The news on food security was not all negative. The short-lived good news came around 2009 when the late President of Libya, Col. Muammar Kaddafi provided resources, including mechanized farming equipment, to produce rice in Lofa County. Frustratingly to Liberians, government abandoned the land, employees, farming equipment, and the story of missing money spread. Former President Ellen Johnson Sirleaf through her Presidential Press Secretary, Mr. Cyrus Badio, denied the story that the rice project management lost millions of dollars. Mr. Badio argued that trucks with rice were on the highways to Monrovia, refuting the money missing allegation. Liberians are still waiting for the rice from the Lofa rice project.
Can Liberia reduce rice shortage? LPP says yes and proposes a simple approach. First, the government should launch a campaign to encourage Liberians to eat what they grow and reduce reliance on imported food. Second, it can expand the program (i.e., feed students) of the World Food Program-WFP (Country Programme CP 200395 2013-2917) by using local food to feed patients at hospitals, prison inmates, participants at government sponsored seminars. For instance, leaders of Zorzor City, Lofa County, in collaboration with officials in Monrovia, could begin to provide cassava products as breakfast not only to students, but to government employees attending seminars, etc.

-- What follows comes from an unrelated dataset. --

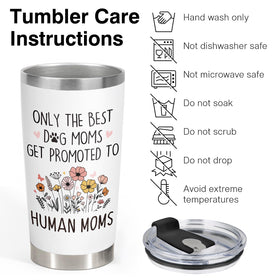 BaubleDazz dog mom celebration tumbler highlighted as a heartfelt gift.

Predictably, the first approach might take long to get positive results. The second approach is achievable and should results into a significant consumption of local food. This is because students, patients, prison inmates, etc. will regularly eat cassava products, thereby, reducing the demand for rice. Subsequently, if the old adage that says “attitude is contagious” becomes a reality, other irregular cassava-eating residents will begin to consume more cassava products.

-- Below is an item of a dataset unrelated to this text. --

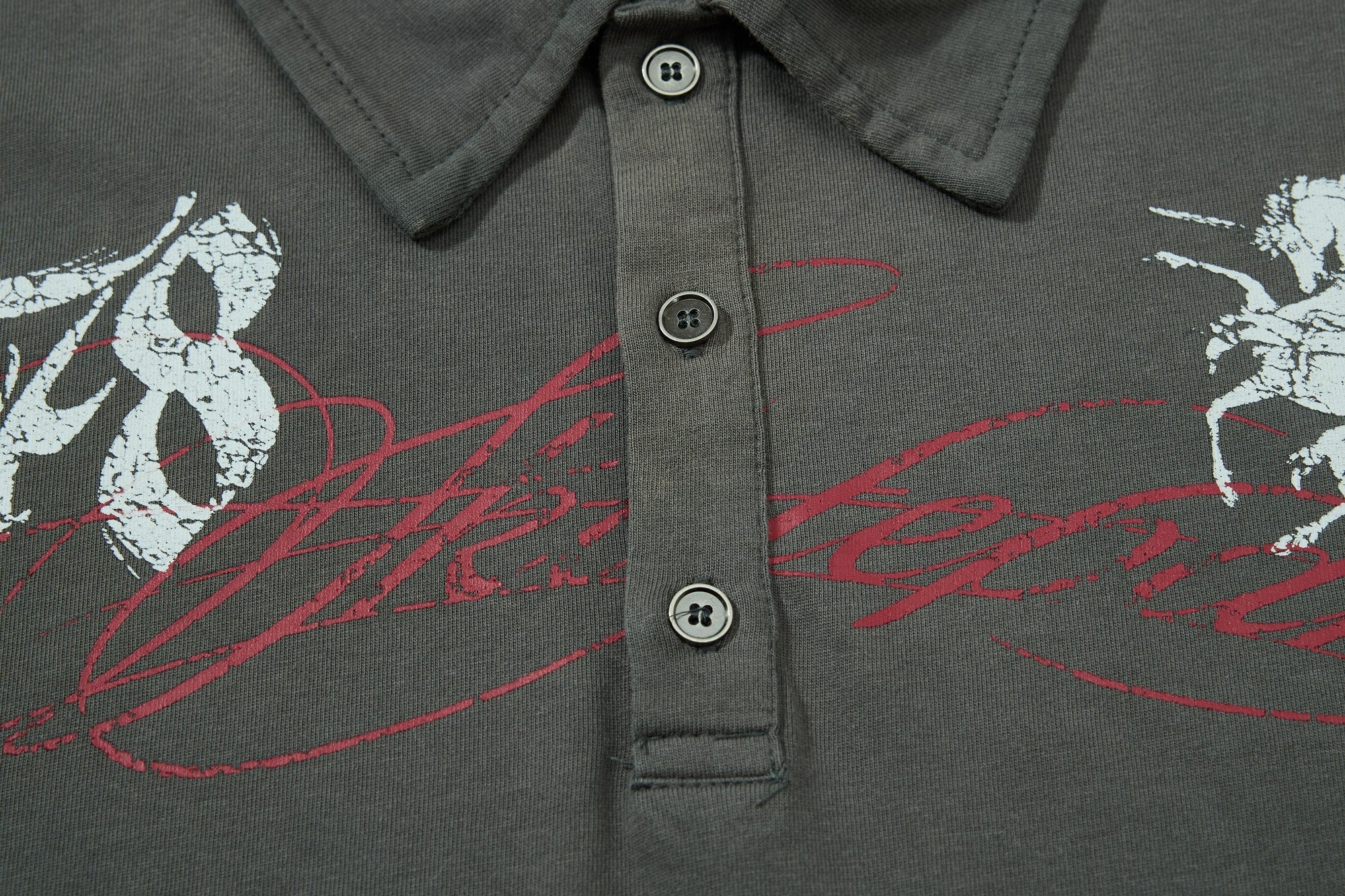 Omirad Vintage Graphic Polo Tee | Retro Streetwear Cotton Shirt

LPP is not abandoning the idea to increase rice production, however, Liberia’s records indicate that producing is a tall order. In the 70s’, Liberia established the Agricultural College to increase skilled manpower in agriculture. Later, President William R. Tolbert established the Agricultural Development Bank, but many farmers borrowed to grow cash crops. Yes, today, the Agricultural Bank does not exist anymore, but the Central Bank of Liberia has deposited USD $5M with local bank for private-capitalists to invest in food production. (See Page # 64 of the 2019 Central Bank of Liberia financial statements). Additionally, commercial banks have money for borrowers.

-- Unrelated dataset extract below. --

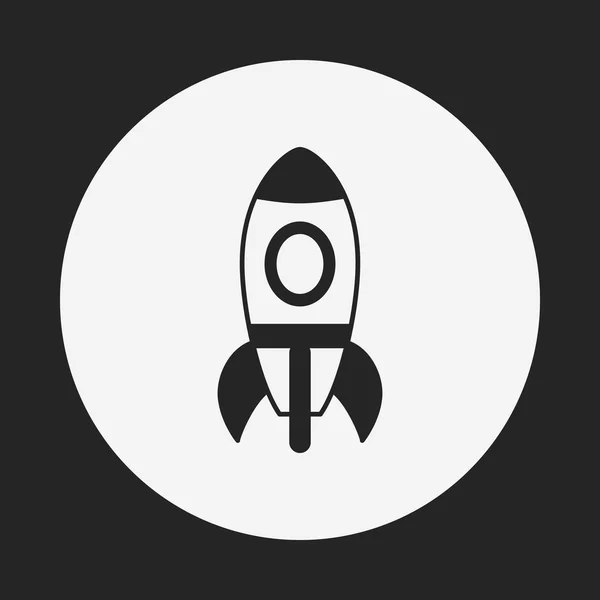 Toy rocket icon — Stock Vector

The interest rate of 2.5% for borrowing USD $5M might have been a high cost for private investors. Well, philanthropists donated USD $642M, from 2012/2013 through 2018/2019, as per Liberian Citizens’ Budget, for private investors. Farmers, including International Nongovernmental Agencies (INGOS) received the money to produce food, for example. (See J. Yanqui Zaza as per Daily Observer and Perspective websites). WFP, for instance, received USD $50M to carry out agricultural activities in River Gee, Maryland, Grand Geddeh, River Cess, etc. in 2018/2019 as per the Liberian Citizens’ Budget. There are limited documents to provide evidence that WFP produce food. Besides government documents, expenses per the schedule below, do not show that it used any of the $8.2B revenue in 2020, for instance, to invest in farm equipment or assist farmers to produce food? Moreover, critics accused WFP “…of bolstering the US economy by buying food items.” (https://www.bbc.com/news/world-54477214).
|FOOD ITEMS DISTRIBUTED||2.3B||2.1B|
|DISTRIBUTION AND SERVICES||0.8B||0.7B|
See page # 14 of the World Food programme 2020 annual report.
The Liberian People’s Party hopes that our government will encourage Liberians to eat what they produce and focus less on the activities of profiteers, our international partners, etc.